── Records supplied

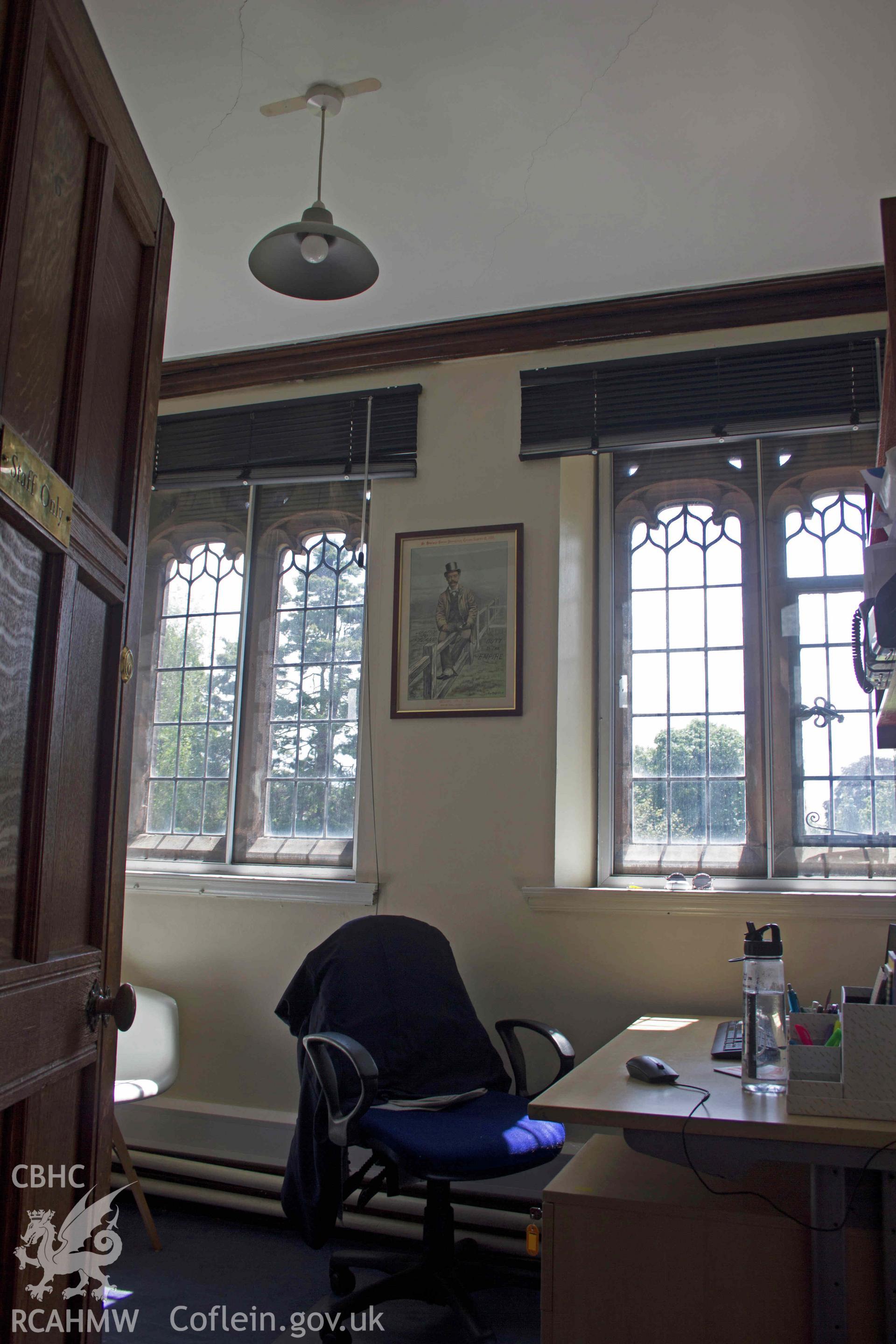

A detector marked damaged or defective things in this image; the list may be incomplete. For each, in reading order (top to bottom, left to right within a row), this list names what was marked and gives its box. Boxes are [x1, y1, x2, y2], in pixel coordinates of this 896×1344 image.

crack in ceiling plaster [481, 0, 664, 277]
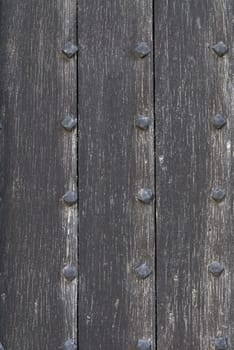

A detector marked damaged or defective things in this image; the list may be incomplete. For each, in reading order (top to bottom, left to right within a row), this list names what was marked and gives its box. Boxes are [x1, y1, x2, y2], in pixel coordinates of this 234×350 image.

rusty nail head [62, 42, 78, 58]
rusty nail head [134, 42, 151, 58]
rusty nail head [212, 41, 229, 57]
rusty nail head [135, 115, 152, 131]
rusty nail head [135, 264, 152, 280]
rusty nail head [208, 262, 225, 278]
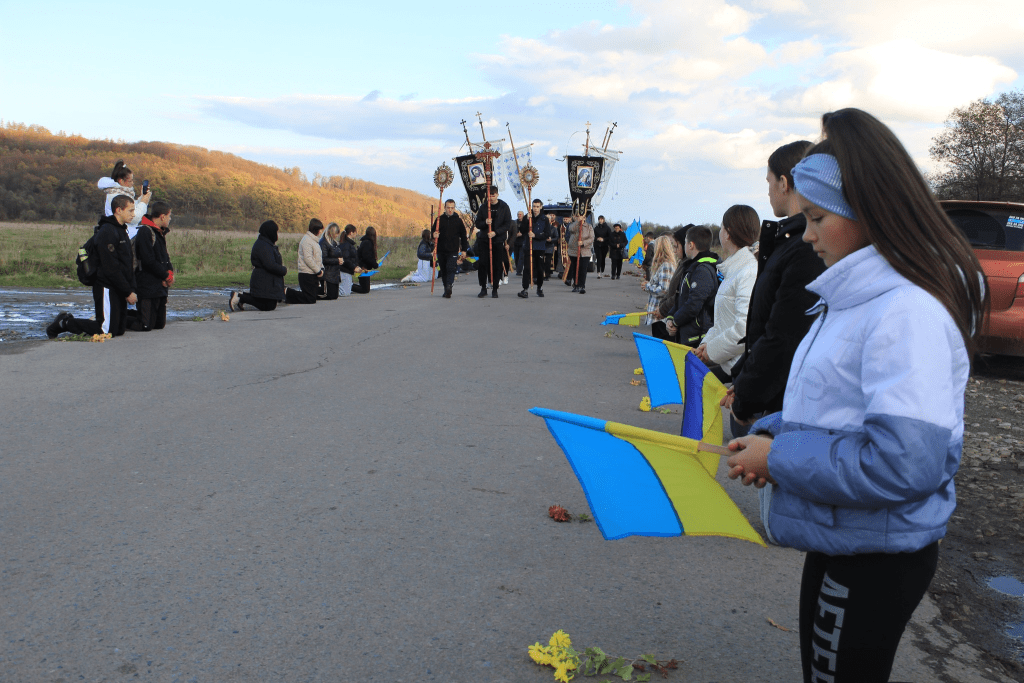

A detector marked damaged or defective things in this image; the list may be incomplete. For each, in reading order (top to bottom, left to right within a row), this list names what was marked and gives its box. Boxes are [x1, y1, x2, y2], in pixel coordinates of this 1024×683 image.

cracked asphalt [0, 274, 1007, 679]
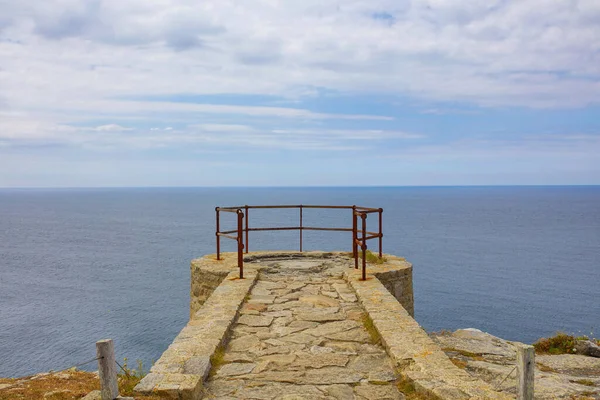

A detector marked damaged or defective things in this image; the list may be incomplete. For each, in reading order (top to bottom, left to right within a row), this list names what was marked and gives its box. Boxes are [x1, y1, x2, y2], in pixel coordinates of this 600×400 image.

rusty metal railing [218, 205, 382, 280]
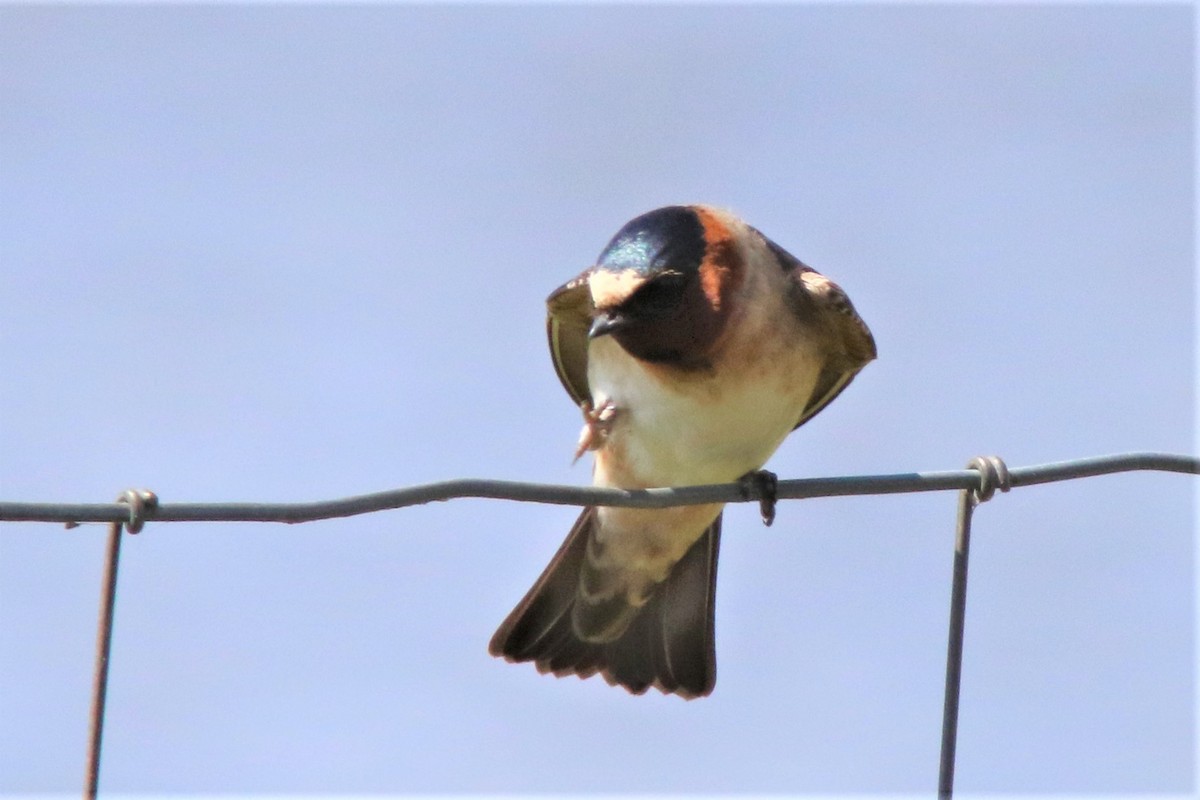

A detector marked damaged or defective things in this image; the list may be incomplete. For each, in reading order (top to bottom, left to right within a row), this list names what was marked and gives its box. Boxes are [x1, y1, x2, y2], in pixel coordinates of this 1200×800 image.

rusty wire [4, 450, 1195, 796]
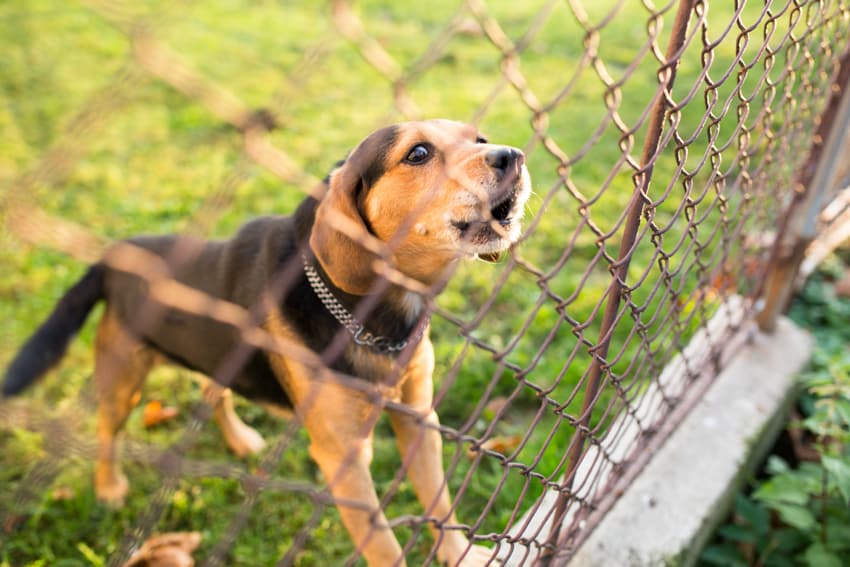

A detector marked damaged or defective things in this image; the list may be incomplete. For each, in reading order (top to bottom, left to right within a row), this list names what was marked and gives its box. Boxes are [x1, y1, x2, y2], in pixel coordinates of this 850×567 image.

rusty fence post [536, 0, 696, 564]
rusty fence post [752, 44, 848, 336]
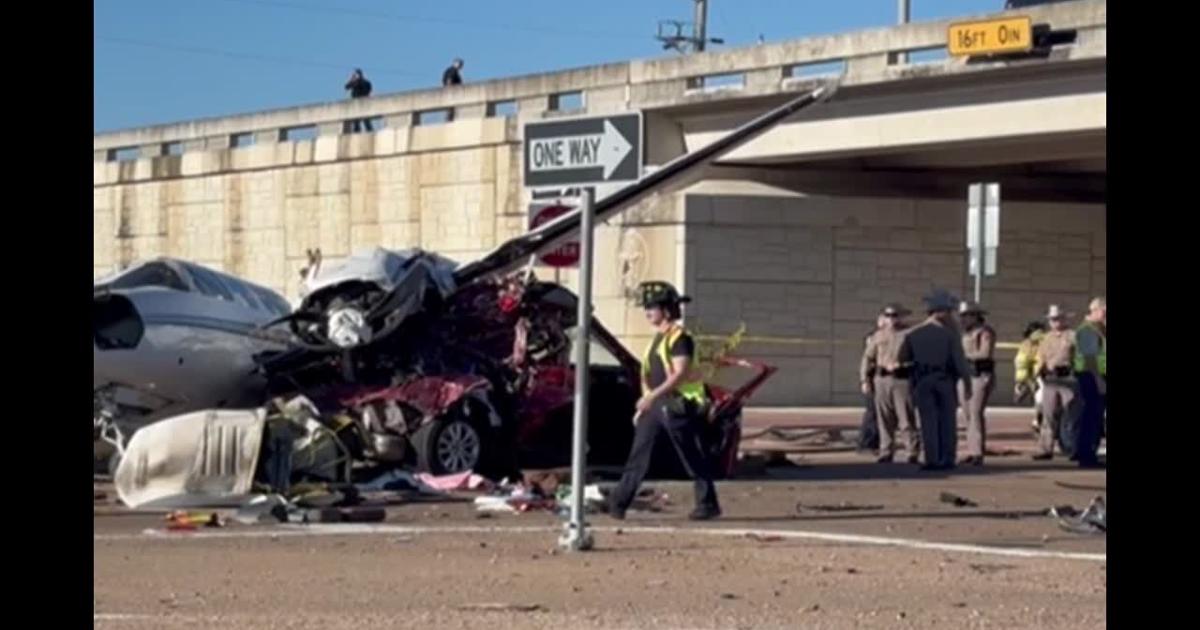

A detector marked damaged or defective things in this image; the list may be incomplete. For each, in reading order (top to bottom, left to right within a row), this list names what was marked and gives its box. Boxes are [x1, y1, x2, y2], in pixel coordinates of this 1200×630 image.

wrecked small airplane [93, 83, 835, 484]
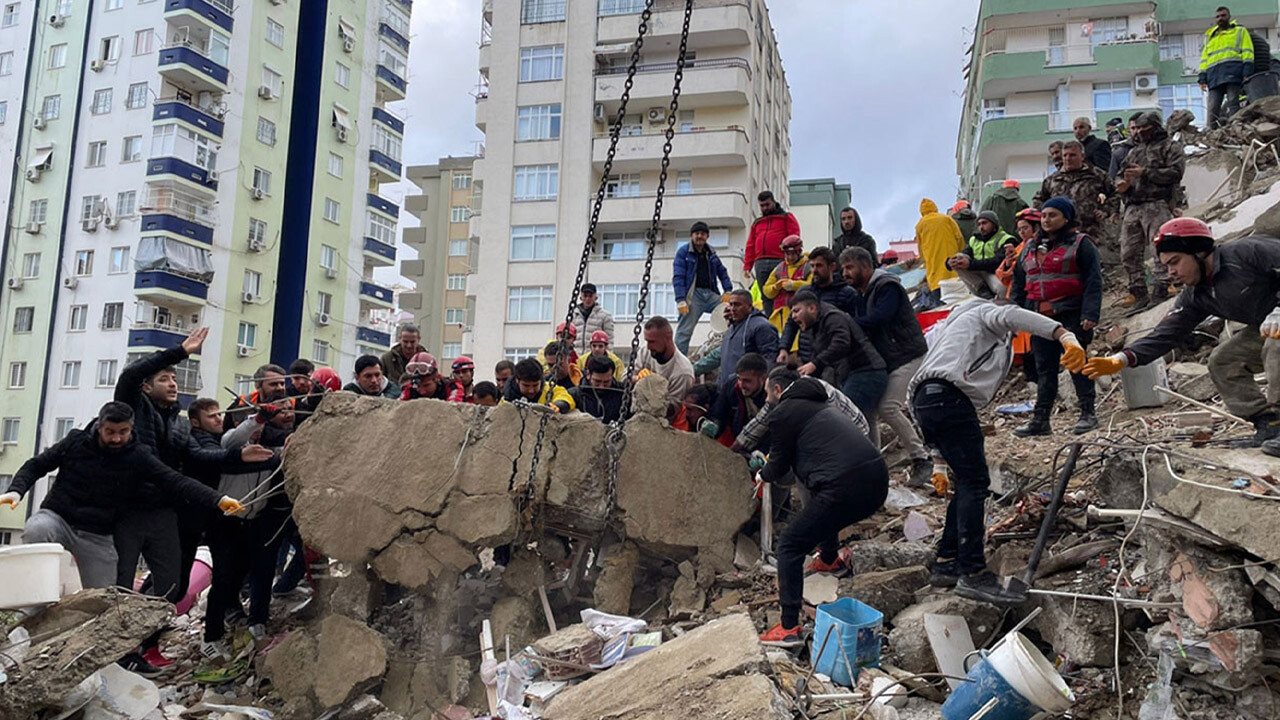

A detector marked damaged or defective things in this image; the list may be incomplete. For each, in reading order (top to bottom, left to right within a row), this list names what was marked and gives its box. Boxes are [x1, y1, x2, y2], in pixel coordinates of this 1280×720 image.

broken concrete block [542, 609, 788, 717]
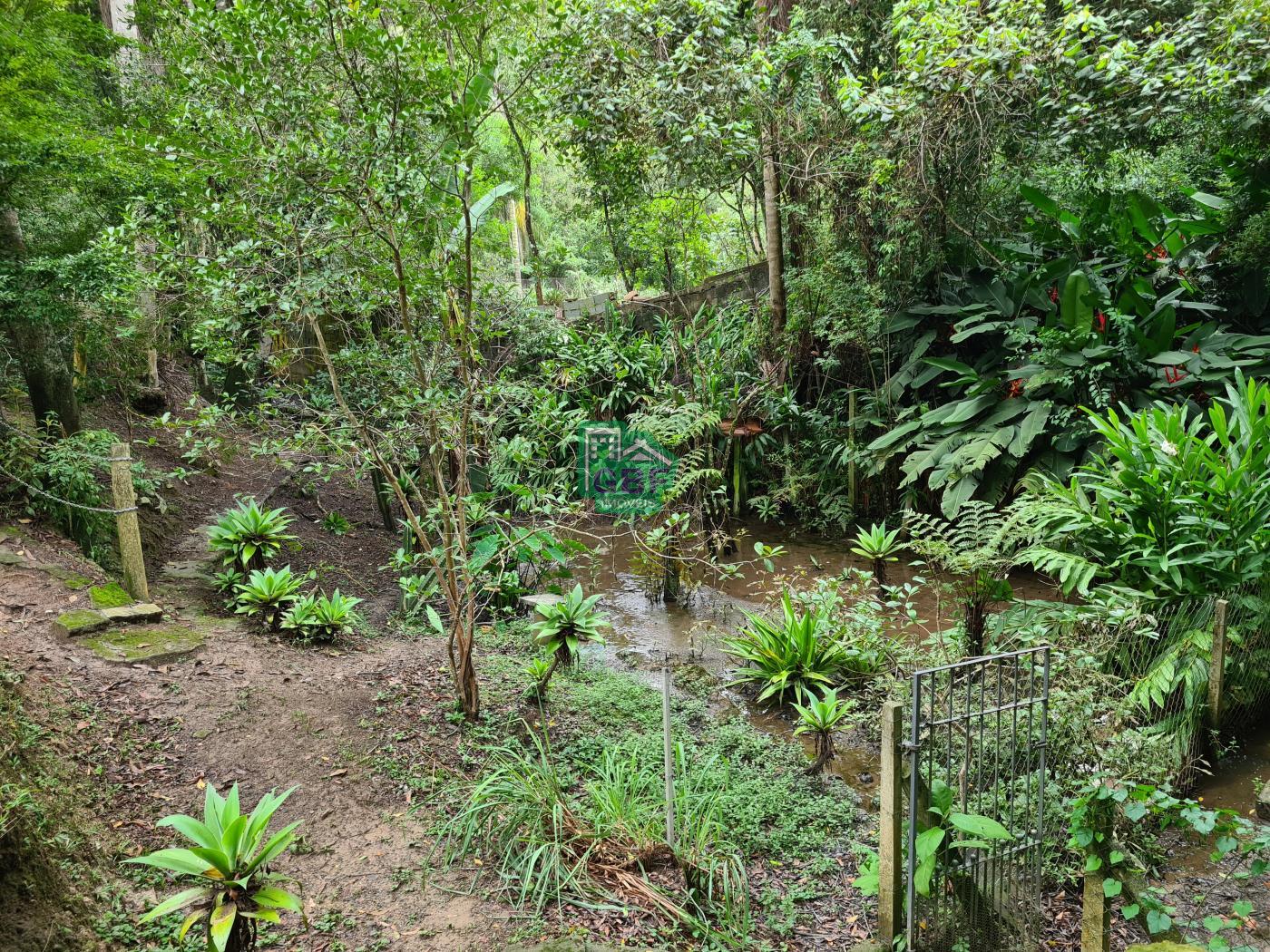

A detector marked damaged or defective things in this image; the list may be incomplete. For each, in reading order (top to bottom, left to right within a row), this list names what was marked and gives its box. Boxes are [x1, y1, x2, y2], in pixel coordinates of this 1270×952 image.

rusty metal gate frame [904, 649, 1051, 952]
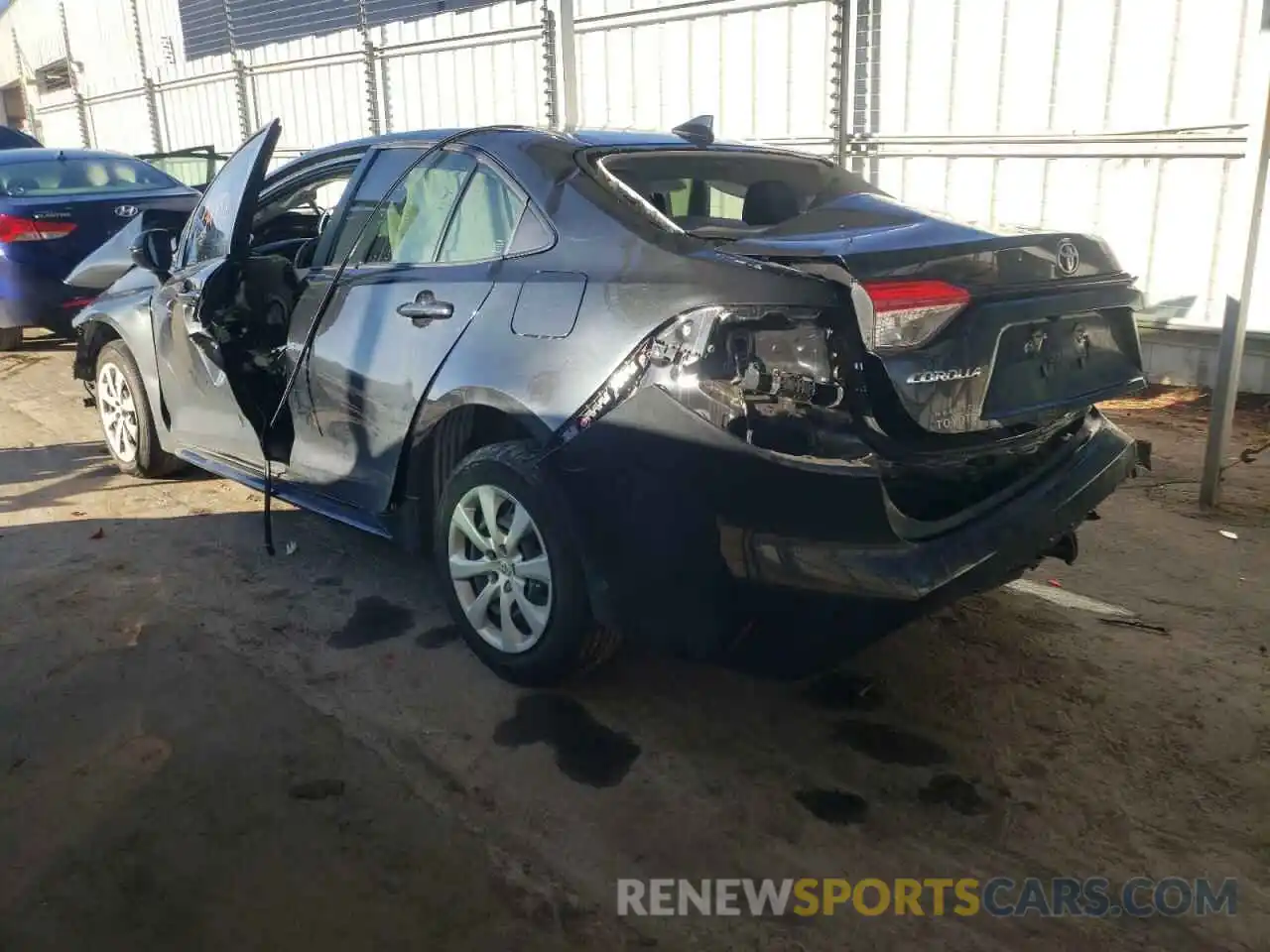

────

- Activity:
The range to print runs from the line with "this 1270×952 image." through the last line of the entries, both included; keep it exact and skip the pictures.

- Written solution:
A detector marked damaged or defective things in this image; the list may be incomplete. For each, in reading order (top to bottom, left to right within a row), this list names what was marked and gives its box. Boxes are [x1, y1, x2, y2], in pixel coordinates of this 1270×952 image.

rusty metal gate frame [904, 649, 1051, 952]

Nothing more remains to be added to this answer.